Magazyn Zmiany, listopad/02
Najnowsze dane GUS nie pozostawiają złudzeń – inflacja wciąż rośnie. Niepokoją też prognozy ekonomistów, którzy przekonują, że trend się utrzyma i w przyszłym roku wartość nabywcza pieniądz będzie jeszcze niższa.
Główny Urząd Statystyczny opublikował najnowszy raport, z którego wynika, że ceny towarów i usług konsumpcyjnych w październiku 2021 r., w porównaniu z analogicznym miesiącem ubiegłego roku, wzrosły o 6,8 proc.
Ekonomiści, mając do dyspozycji wstępne, ogłoszone dwa tygodnie temu dane, spodziewali się takiego wyniku. Niedoszacowali jednak wzrostu cen koszyka dóbr konsumpcyjnych (1,1 proc. względem oczekiwanego, 1 proc.-wzrostu).
To kolejny w ostatnim czasie, najwyższy od 20 lat, poziom inflacji w Polsce (we wrześniu wyniósł on 5,9 proc., w sierpniu 5,5 proc., w lipcu 5 proc., a w czerwcu – 4,4 proc.) i, niestety, nie zanosi się na koniec. Zdaniem specjalistów, w przyszły roku inflacja może sięgnąć poziomu 8 proc.

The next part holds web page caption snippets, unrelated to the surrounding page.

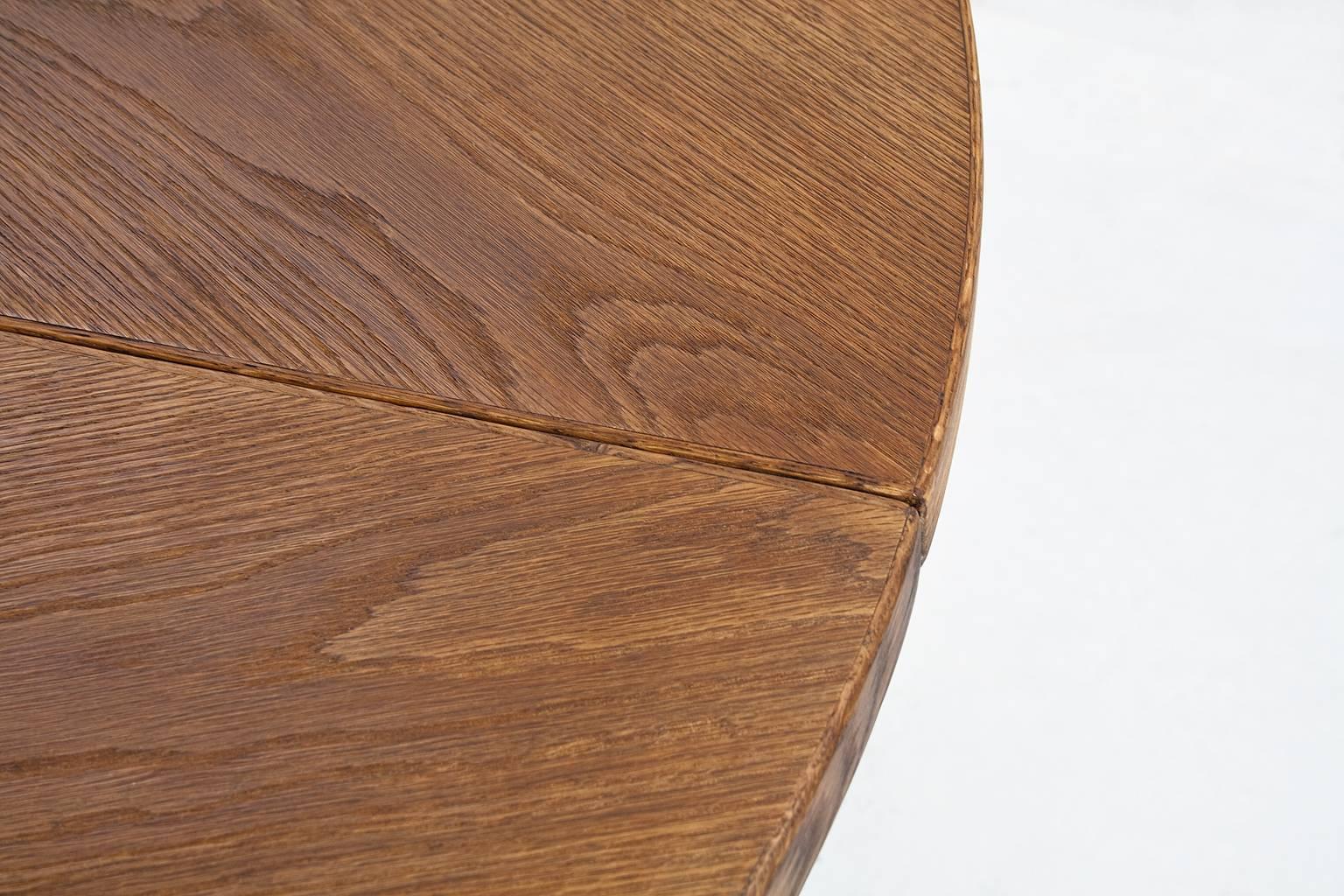 Lacquered Dutch Mid-Century Large Round Oak Tripod Table by Martin Visser, 1960s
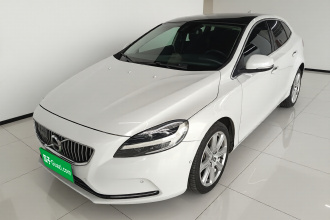 沃尔沃V40 2019款 T3 智雅版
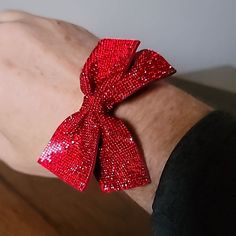 Betsey Johnson Betsey's Bows Red Crystal Bow Hinged Bangle Bracelet. Betsey Johnson 100% Authentic 2023 Betsey's Bows Collection Black Toned Alloy Metal Red Crystal W Hematite Finish Bow Atop A Black Metal Hinged Bracelet. Hinged W Snap Together Closure. Fits 7" Wrist Circumference 2.5" New With Tags. Metallic Christmas, Vintage Betsey Johnson, Large Bracelet, Bow Bracelet, Floral Bracelet, Vintage Skull, Bow Jewelry, White Bracelets, Rhinestone Bow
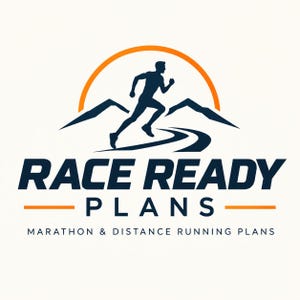 Könnte beinhalten: Ein Logo mit der dunkelblauen Silhouette eines Läufers auf einem Weg, vor dunkelblauen Bergen und einem orangefarbenen Halbkreis. Der Text lautet RACE READY PLANS in Dunkelblau, mit MARATHON & DISTANCE RUNNING PLANS in kleinerer Schrift.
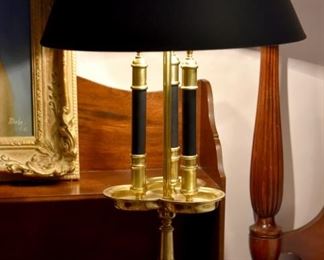three pilar lamp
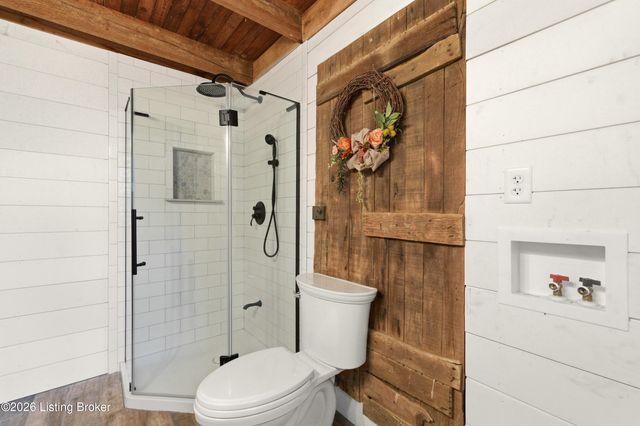 1574 Wales Run Rd, Mt Washington, KY 40047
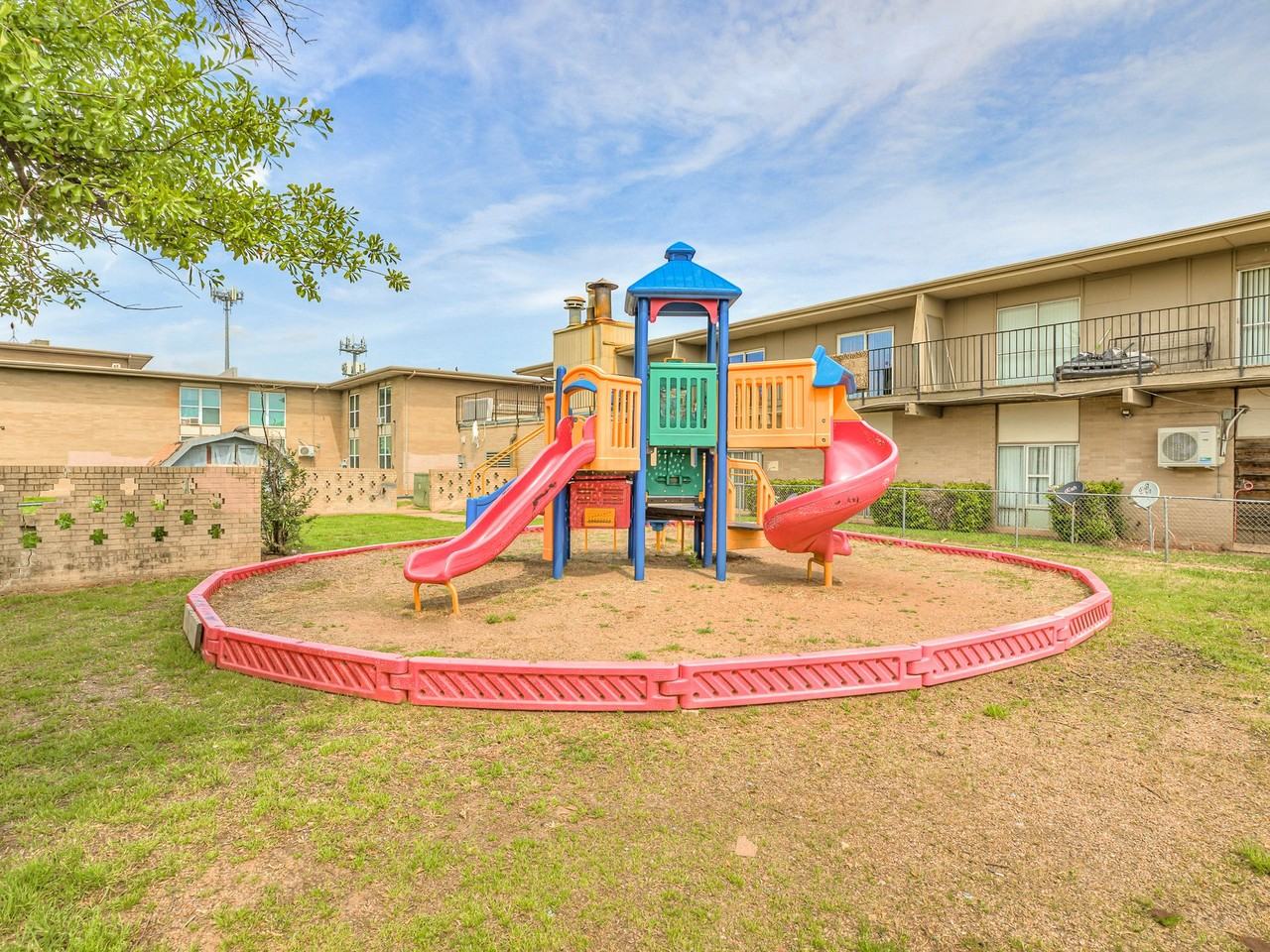 Hillcrest Apartments Model Units - Photo 7 of 35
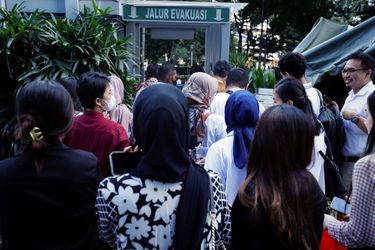 <br />
Des personnes rassemblées à l'extérieur après l'évacuation d'un bâtiment à la suite d'un tremblement de terre à Jakarta, Indonésie, le 21 novembre 2022.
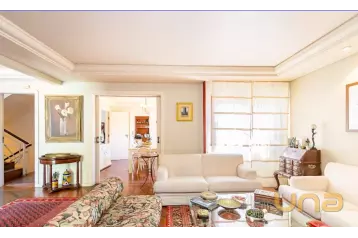 Casa 05 dormitorios no Hugo Lange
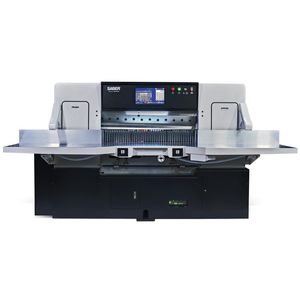 máquina de corte com guilhotina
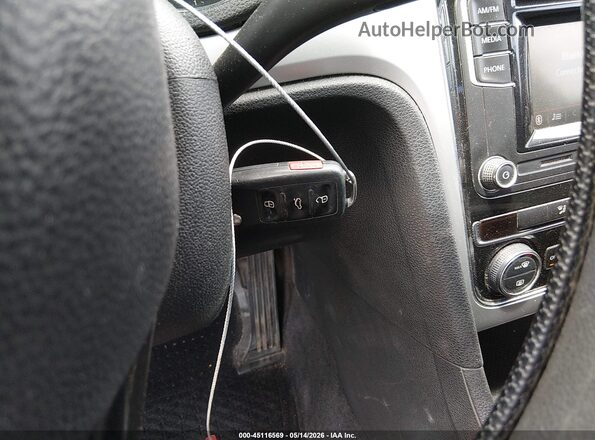 1VWAS7A39GC062521 2016 VOLKSWAGEN PASSAT Белый Вид панели приборов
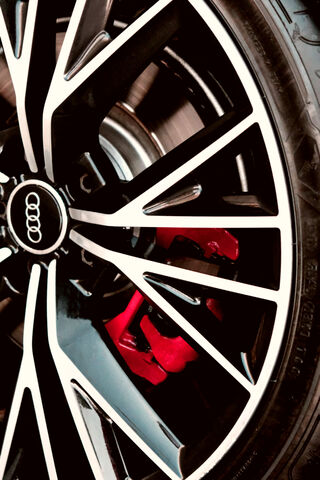 Sleek Performance: The Audi A7 Wheel Close-Up 🚗✨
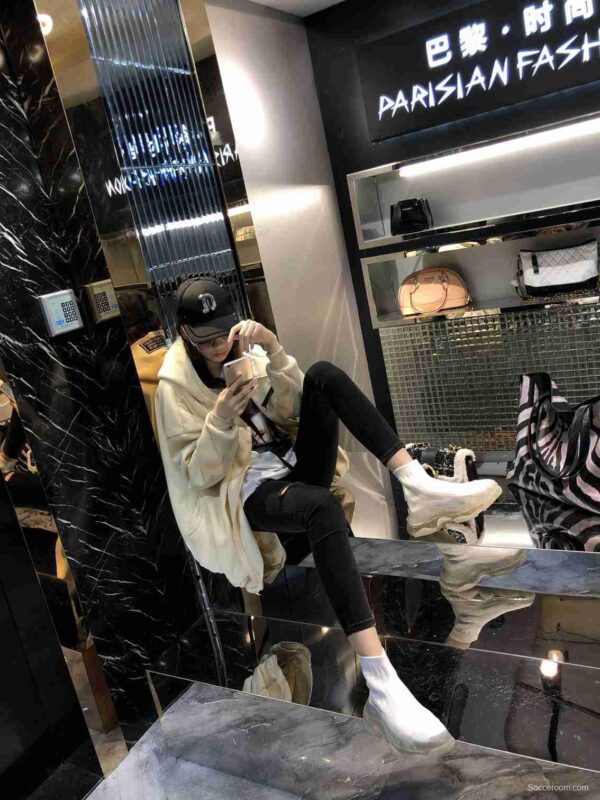 Men/Women Balenciaga Speed White Sneaker Item 6380330 - Image 6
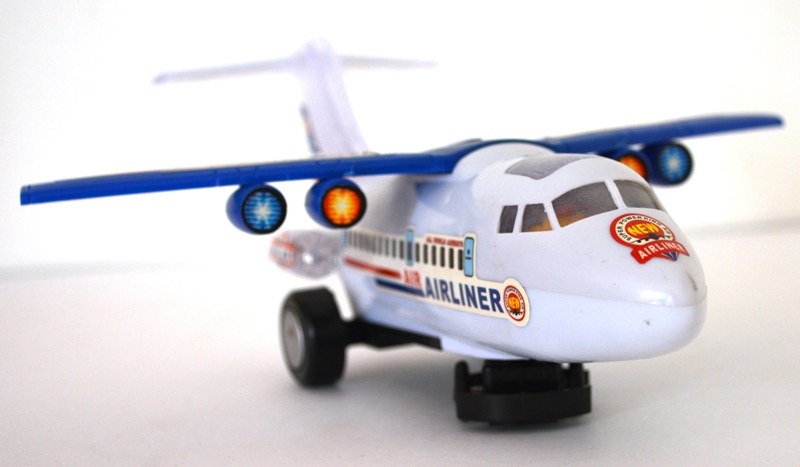 Игрушка самолет АН-124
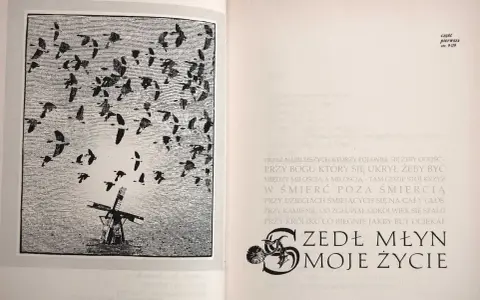 Ilustracja do wiersza Jana Twardowskiego: wiatrak i stado ptaków w locie. "Zedł młyn moje życie".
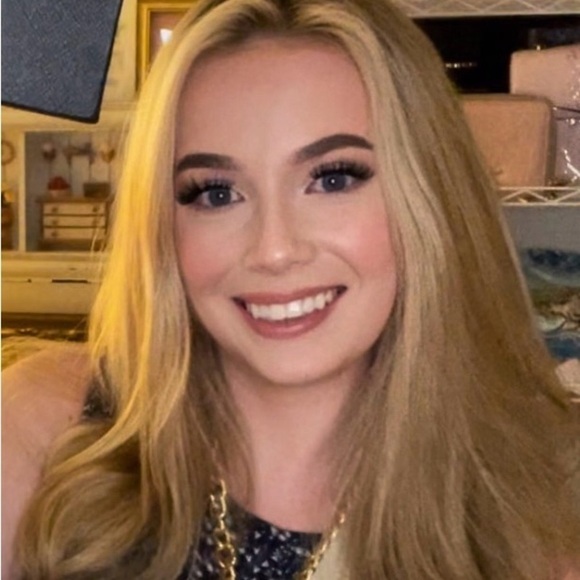 Women’s Lash Kit - Picture 2 of 7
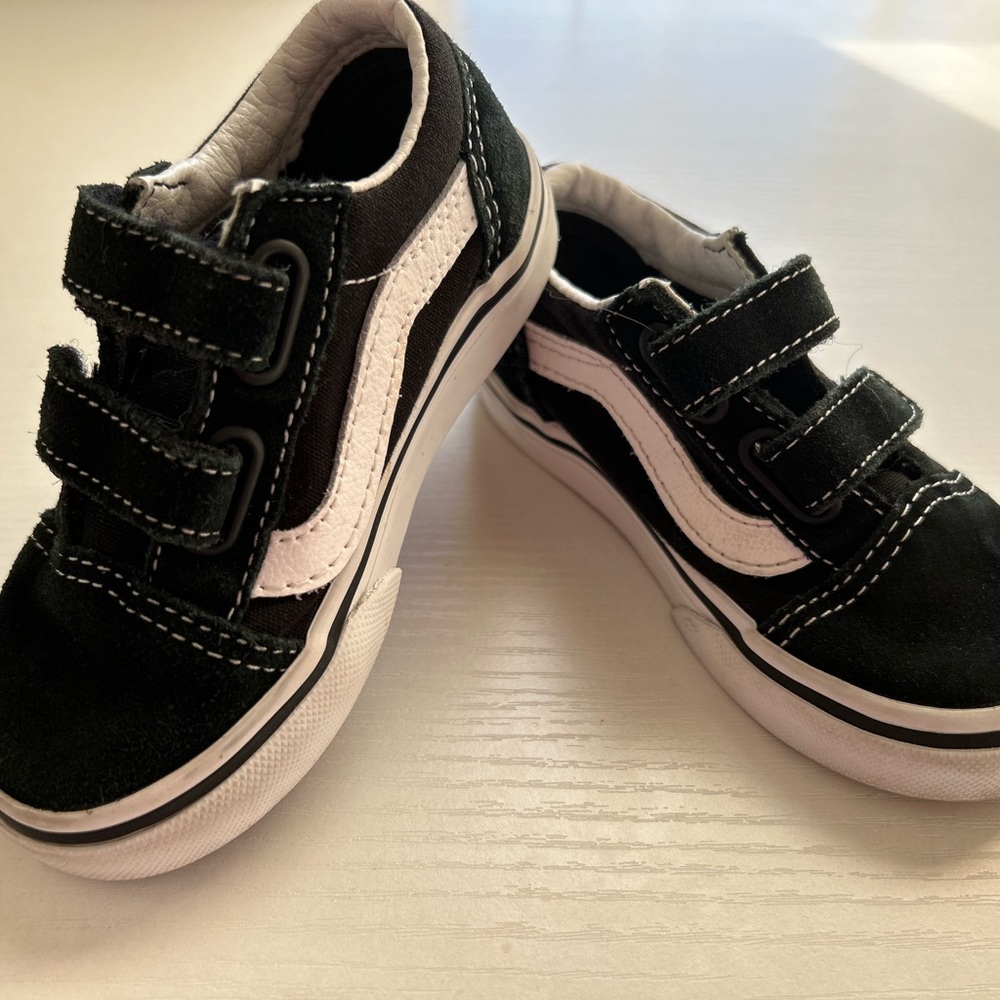 Vans Old School V Toddler Boys Canvas Shoe: Size 7C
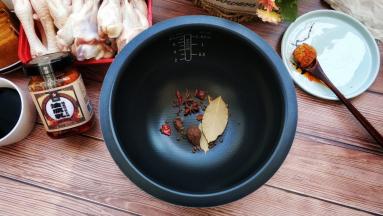 花椒、八角、蒜、桂叶、草果、干辣椒放入电饭煲里。
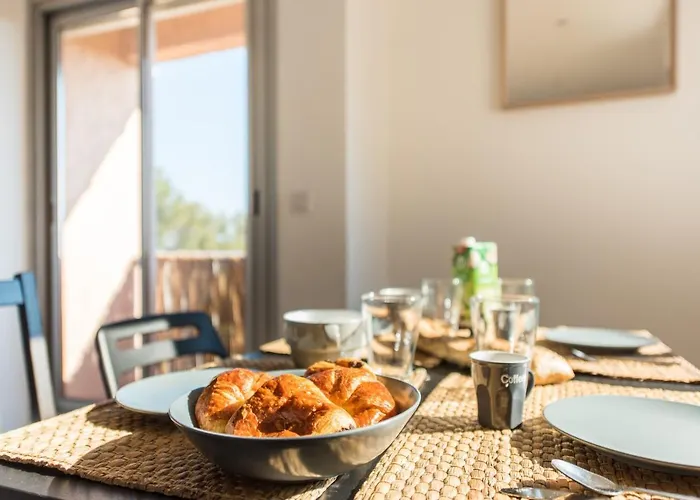 Hotel Le Spot -t2-clim Parking 900m Bandol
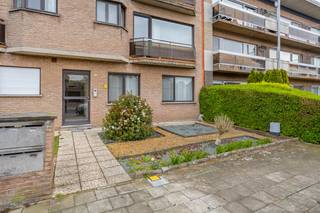 Indeling:Gelijkvloerse verdieping:- inkomhal- apart toilet met handenwasser- woon- eetkamer voorzien van een pelletkachel (32m²)- uitgeruste...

Jak podkreślają analitycy, tempa wzrostu cen towarów i usług się zrównało i wynosi 6,8 proc. Wcześniej usługi drożały szybciej niż towary. Gdzie najmocniej odczuliśmy wzrost cen? W górę poszły ceny m.in. użytkowania mieszania i nośników energii (9 proc.), łączności (6 proc.), rekreacji i i kultury (5 proc.) i edukacji (4 proc.) Wzrost cen mocno odczuwamy też w sklepach spożywczych – w październiku 2021 r. żywność i napoje bezalkoholowe podrożały rok do roku o 5 proc.